Solar electric sailing

German yacht design and engineering studio iYacht GmbH unveiled a 55-foot solar-electric sailing catamaran called the Hu’chu 55. Its makers describe it as “without a doubt one of the most sustainable and compelling challenges undertaken so far.” Built from over 90% scrap metal, this vessel offers an admirable design lesson in circularity.

iYacht GmbH is a German yacht design studio with offices in Hamburg and Kiel, led by CEO Udo A. Hafner. Over the last twenty years, iYacht’s team of 11 engineers, designers, and naval architects has completed over 400 marine projects, from initial design sketches to “Conformite Europeenne” (CE) marking.

For its latest project, iYacht was commissioned by actor, producer, and environmental entrepreneur Daniel Roesner to develop a solar electric sailing catamaran designed, first and foremost, with circularity in mind. The result is the Hu’Chu 55 – a project iYacht’s CEO described as one of its most ambitious to date:

We have designed and engineered a dozen multihulls in recent years, but the Hu’chu 55 represents a significant leap forward in terms of sustainability and circularity. Daniel had a very ambitious vision, and we guided him in turning it into a feasible project.

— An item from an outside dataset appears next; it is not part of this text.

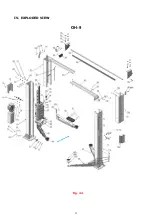 Preview for 27 page of AMGO Hydraulics OH-9 Installation And Service Manual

iYacht brought all hands on deck from both its design offices to bring Roesner’s vision to life, utilizing a unique recycled aluminum developed explicitly for the Hu’Chu 55.

Hu’Chu 55 solar electric sailing vessel is ultra-sustainable

According to iYacht, the Hu’Chu 55 was built using recycled and recyclable materials, including aluminum, developed by the actor/ catamaran owner with the help of a major aluminum manufacturer. The material comprises over 90 % aluminum scrap from discarded license plates, road signs, cosmetic cans, and automotive and construction manufacturing, without a single kilogram of primary metal.

The result is a solar electric sailing catamaran built from material that’s one-eighth of the market’s average footprint in CO2 emissions. Roesner also requested that other sustainable materials, including natural fibers, reclaimed wood, and recycled cork, be incorporated throughout the vessel.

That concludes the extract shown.